POODLE (CVE-2014-3566)
Posted 28 Oct 2018
The Padding Oracle On Downgraded Legacy Encryption (POODLE) attack was published in October 2014 and takes advantage of two factors. The first is the fact that some servers/clients still support SSL 3.0 for interoperability and compatibility with legacy systems, and the second factor is a vulnerability that exists in SSL v3.0 which is related to Block Padding.
The Client initiates the Handshake and sends the list of the supported SSL/TLS versions. An attacker intercepts the traffic, performing a Man-in-The-Middle (MiTM) attack, and impersonates the Server until the Client agrees to downgrade the connection to the vulnerable SSL 3.0.
Now that the connection between Client and Server is established on a vulnerable SSL version, the attacker can perform the actual POODLE attack. The vulnerability exists in Cipher Block Chaining mode. Since Block Ciphers have fixed length, if the data in the last block is not a multiple of its size, then padding is added to fill the extra space. One of the problems is that padding value is ignored by the server and checks only if padding length is correct as well as Message Authentication Code (MAC) of the plaintext. That means the receiver (Server) cannot verify if padding value has been modified.
An attacker can decipher the plaintext value of an encrypted block by modifying the padding bytes and then seeing the corresponding response from the server. It takes a maximum of 256 SSL 3.0 requests to decrypt a single byte.
This means that once every 256 requests, the server will accept the modified value. The attacker does not need to know the encryption method or key to pull off this attack.

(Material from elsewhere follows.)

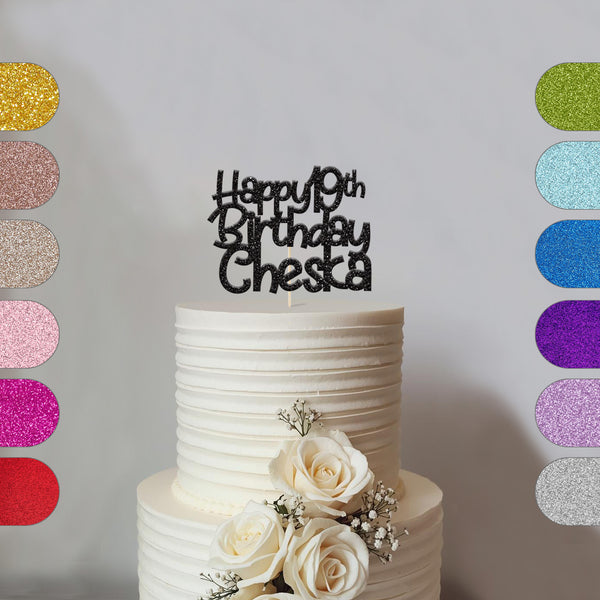 Personalised Rounded Script Birthday Cake Topper Any Age and Name - hero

Using automated tools, an attacker can retrieve the plaintext character by character. This could easily be a password, a cookie, a session or other sensitive data.
Prevention
- 1. Completely disable SSL3.0 on the server (Recommended)
- 2. Upgrade browser (client) to the latest version or if for whatever reason you need to use an older version be sure to disable SSL 2.0 and SSL 3.0 Protocols. Most up to date browsers/servers use TLS_FALLBACK_SCSV. If a client requests a TLS protocol version which is lower than the highest supported by the server (and client), the server will identify intentional downgrade fallback and will drop the connection.
- 3. Some TLS 1.0/1.1 implementations are also vulnerable to POODLE as they accept incorrect padding structure after the decryption.